I guess that one could select the sample from different cities in one country instead of select different countries, in order to eliminate the condition differences.

### Week 2

• Before I take this course, I have no idea about what does the consulting do and how to consult problems step by step to help others to make a right decision. From this weeks lecture, I realize that it is not easy to be a good consultant. Usually, the situation is very complicate and the manipulation are eliminated by many restrictions at the same time. During the consulting process, we need to indicate the variables from the problem, then pick the relationship of these variables that we are interested in. Moreover, we have to decide either use the obeserved data or use the experimental data to analyze the problem. There are many things to be considered, such as: how to select the sample to make analysis; if the variables y is caused by x by chance, ect. I think it is a big chanellenge for me and I find it is very interesting as while.

### Week 3

• In class we saw the multiple regression model represented by a plane in data space, which is represented by a point showing the fitted slope with respect to Coffee and the fitted slope with respect to stress in beta space. since we only need 2 dimensions, for some complex models, we may need 3 or more dimensions for the beta space.I just wonder that under these situations, how can we draw ellipses to illustrate the interactions between the variables?
• Comment: If we have 3 or more parameters, then we need 3D or higher dimensional ellipse. This ellipse in higher dimension would be larger because it is trying to be correct for 3 or more parameters at the same time.-Gurpreet
• Thank you very much!

### Week 4

• For the control for all the Zs, it mentions that we can using one of those three techniques. The first one is Statistical control. I am not sure about the meaning of propensity score, although it says "prediction of X from Zs".

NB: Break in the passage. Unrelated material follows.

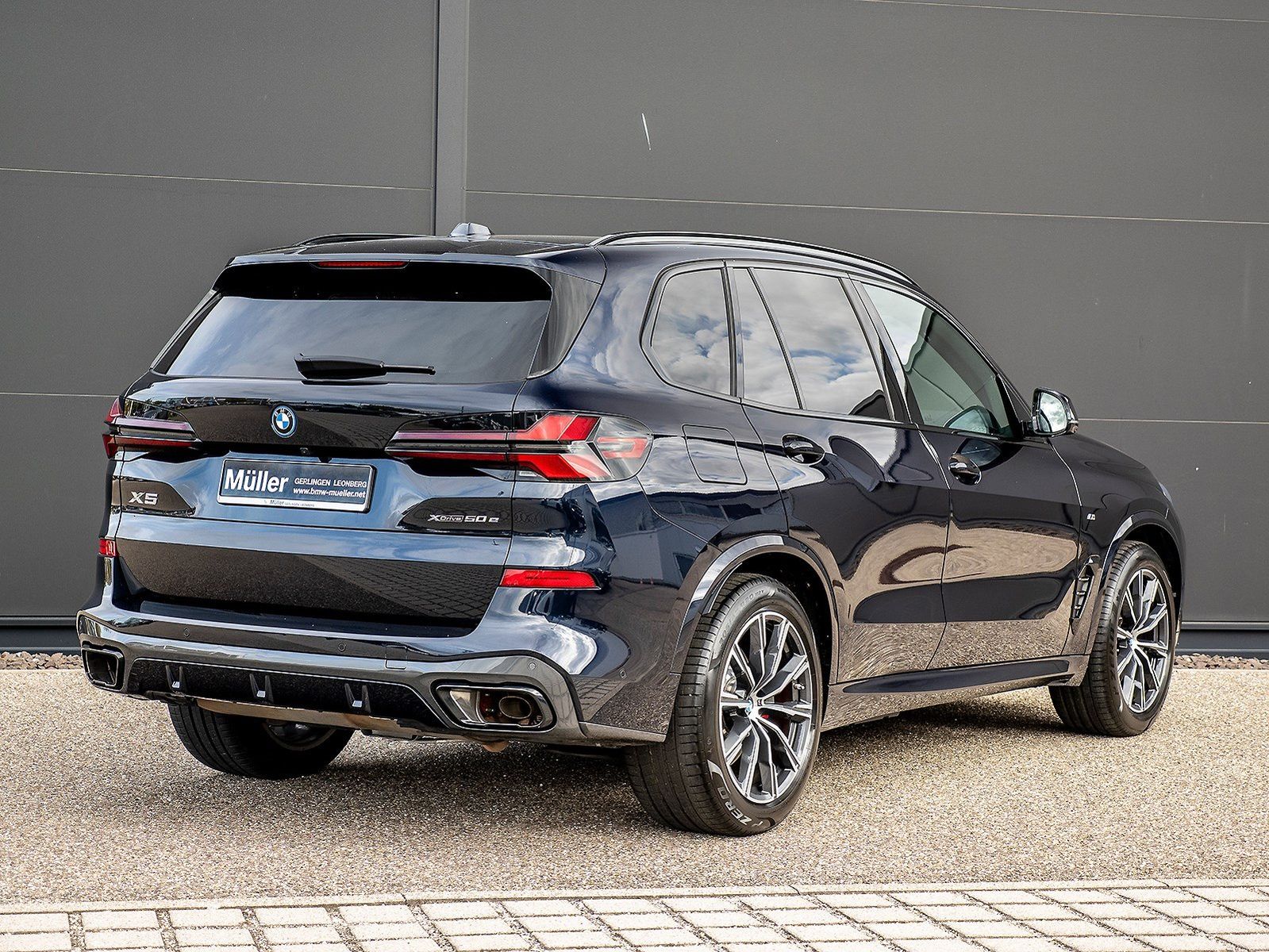 BMW X5 xDrive50e UPE 120870EUR M Sportpaket ACC AHK  imagem 2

Comment: A propensity score is the probability of a particular person being allocated to a specific group in a study given certain covariates. In a truly randomized study, we are usually safe to assume that participants are randomly assigned to groups, so that any particular covariate does not make a certain person more likely to be assigned to a certain group. In observational or "quasi-experimental" designs, we don't have random assignment, so we measure how much selection bias is present by regressing the odds of being in a particular group on the covariates measured in the study. We want group allocation to be "unconfounded" with any covariates (such as individual differences). - Constance Thank you Constance!

### Week 5

• In multiple regression model, it is a challenge to detemine the type of the canonical outlier, and how to deal with these outliers, either to remove them or not. It will give us huge change of our reslut.

### Week 6

• From the slides of Hierarchical Models,it is good to know the idea of the two-stage approach(derived variables approach): estimate slope and intercept, then use them as a multivariate sample and do a MANOVA test.

### Week 7

• The comparison of the Scheffé Confidence Interval and the Bonferroni Confidence Interval: when the number of contrasts to be estimated is small, (about as many as there are factors) Bonferroni is better than Scheffé. Actually, unless the number of desired contrasts is at least twice the number of factors, Scheffé will always show wider confidence bands than Bonferroni.